With all the talk of Gmail going offline today you'd swear it was the first time it has ever happened. Here's something you might not have noticed, Google have been having trouble with Gmail for a long time now.
I can recall four or five times over the past 12 months where I've gone to login to the web interface and for some reason I couldn't get past the front page. You'd think this would be a case of fat fingering a password but a check of my desktop email client showed that it couldn't login either at that moment in time. Wait a few seconds to try again and it worked fine. Maybe it's my net connection you think and move on. Or perhaps Gmail burps every now and then and you pass it off as your net connection?

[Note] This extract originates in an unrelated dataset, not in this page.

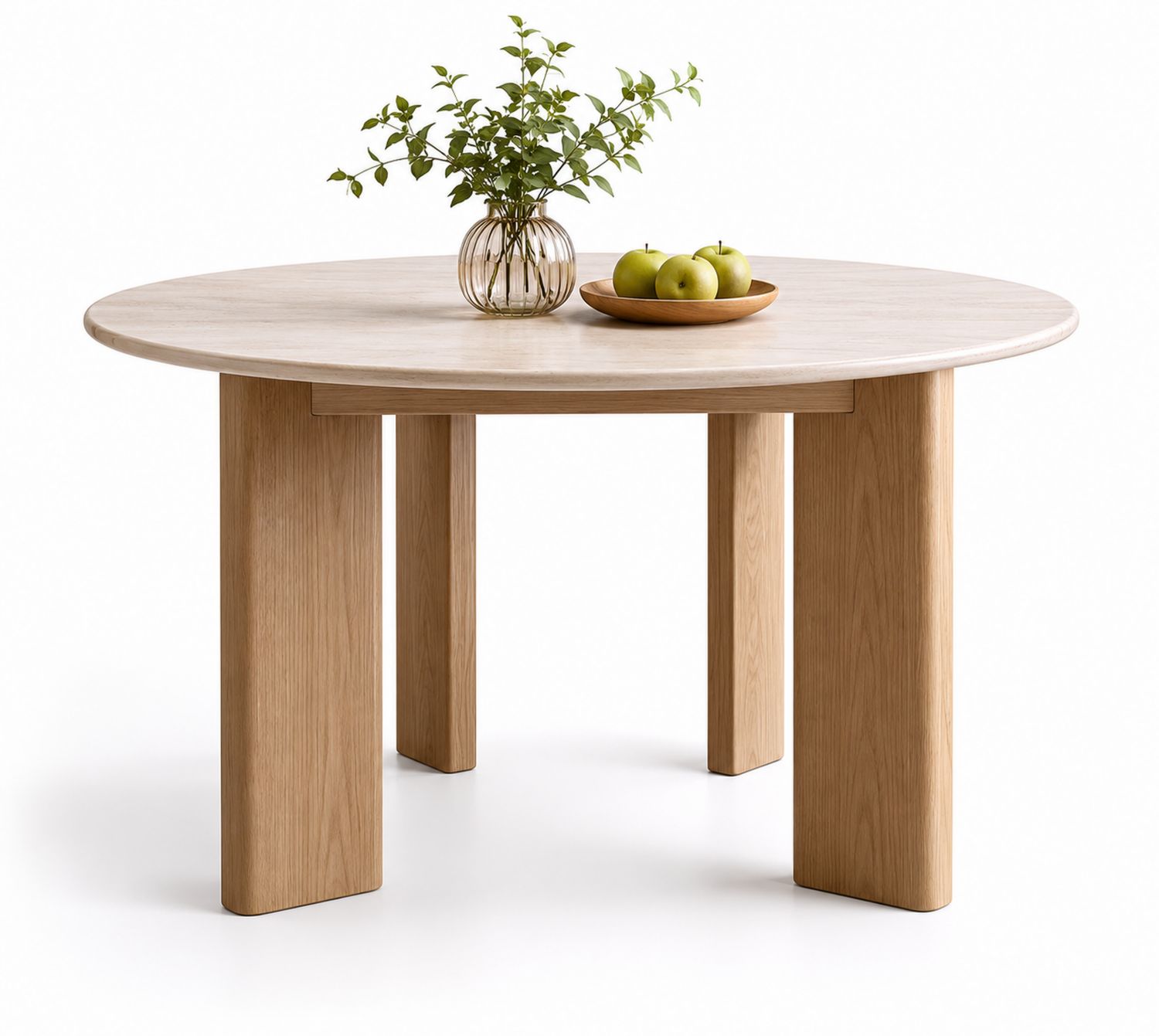 Tavolo rotondo in legno di quercia massello 120 cm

It is possible that we now have unrealistic expectations of availability coming from our "five nines you're paying me if you don't meet the service level agreement" data centre world. But what's Google's issue?
WE don't know for sure but I have a theory. Might it be Google's mythical infrastructure perhaps? Something, if you listen to the hype, every company should aspire to even if their infrastructure needs are relatively modest (if not fractional) in comparison.
Google's bluster around their infrastructure conveniently ignores that it's optimised for one hyperscale application. Their search application.
That's the cash cow and that's what they've tuned the hell out of their infrastructure for. Tuned the block size, tuned for the I/O patterns unique to that application and tuned for the read/write frequency of that workload. Everything which they can optimise to increase the performance of their search application means more money in the bank if they do so.
But then they come along and try and put Gmail on top of that and it's been stuttering away in the background ever since. It's also funny to note that Gmail, which one assumes is sharing -cough cough- Google's general purpose (Search optimised) infrastructure has issues and yet Google.com carries on without a blip.
The same way that Amazon.com coasts away just fine any time S3 is having a nervous breakdown.
Funny that.
Now, while Google suffers from trying to run things on an infrastructure optimised for one hyperscale application you could say that S3 suffers from the opposite problem by not being optimised for any workload at all. It's so general purpose that it's cheap to get started on but if you're very successful you'll quickly want to get off of it as you can't optimise any of it.
The only things which are not a commodities in infrastructures designed to support hyperscale applications are the performance optimisations.
Everything else you buy cheap and rack high.